Ça les gênait. Tous. Mais ils avaient décidé de se boucher le nez et de voter Trump quand même. « Je ne l’appuie pas pour sa moralité », m’a répondu Suzy Batlle, une commerçante américano-cubaine de Miami, lorsque j’ai évoqué le traitement que Trump réserve aux femmes.

Elle appuyait le président parce qu’il avait baissé les impôts des commerces. Aussi parce qu’elle se sentait étranglée par le confinement et les autres mesures sanitaires imposées en Floride.

Mais, surtout, parce qu’elle croyait le président sur parole lorsqu’il affirmait que Joe Biden entraînerait les États-Unis dans la nuit noire d’un socialisme à la Fidel Castro.

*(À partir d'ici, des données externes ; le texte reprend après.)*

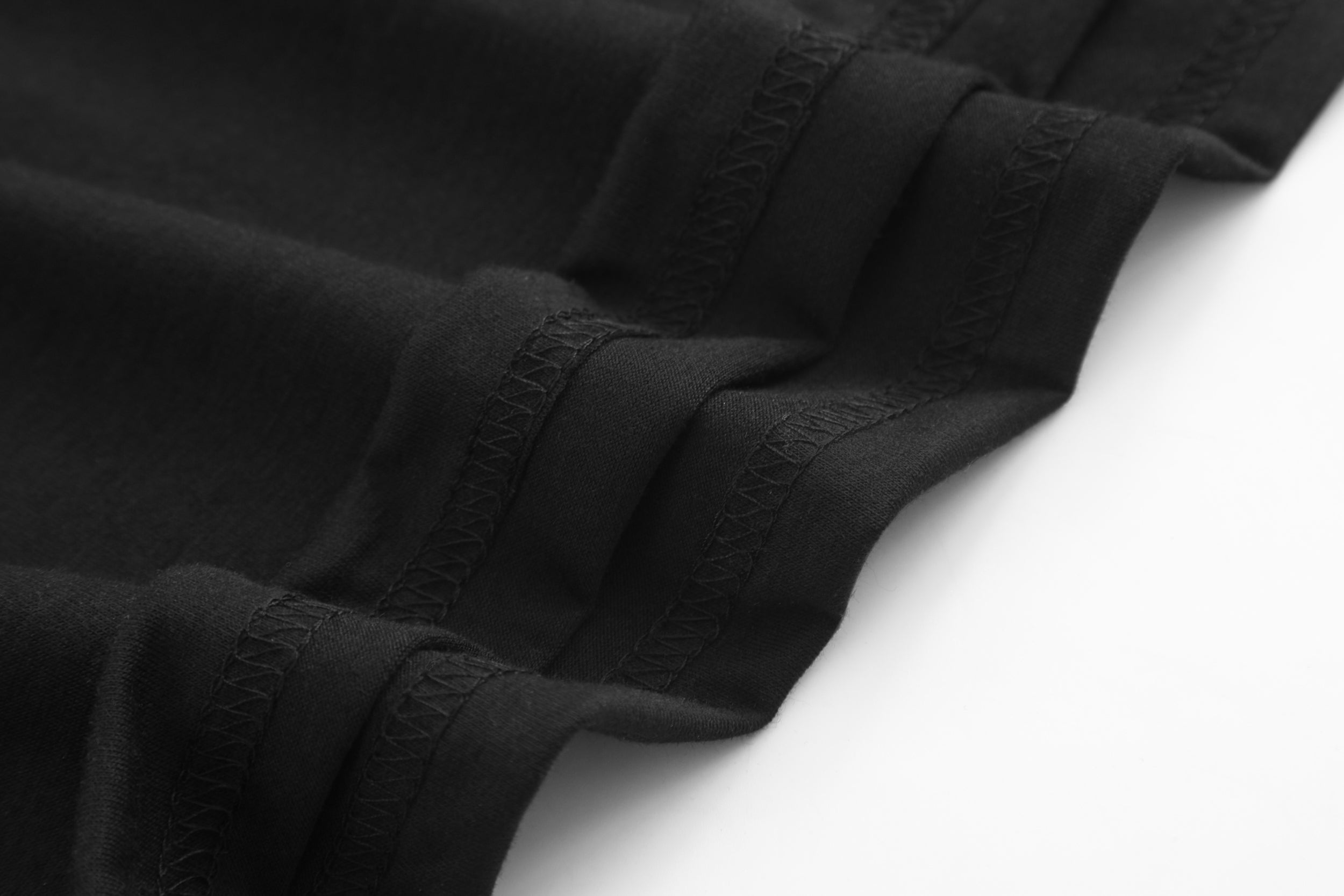 180G Women’s Cotton-Blend T-Shirt (DG100)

À Miami, des milliers de Latinos partagent les craintes de Suzy Batlle. Ils ont permis à Trump de remporter la Floride, bloquant du même coup le chemin le plus sûr de Joe Biden vers la présidence.

Vu d’ici, ça semble incroyable que tant d’électeurs aient pu craindre une chose pareille.

On se dit que même si Biden envisageait de se convertir en vieux dictateur barbu – ce qui n’est évidemment pas le cas –, il échouerait sans aucun doute.

On n’est pas à Cuba, après tout. On se dit que ni Biden ni aucun autre locataire de la Maison-Blanche ne pourrait réussir à ébranler une démocratie aussi solide que les États-Unis.

Enfin, c’est ce qu’on se serait dit, avant.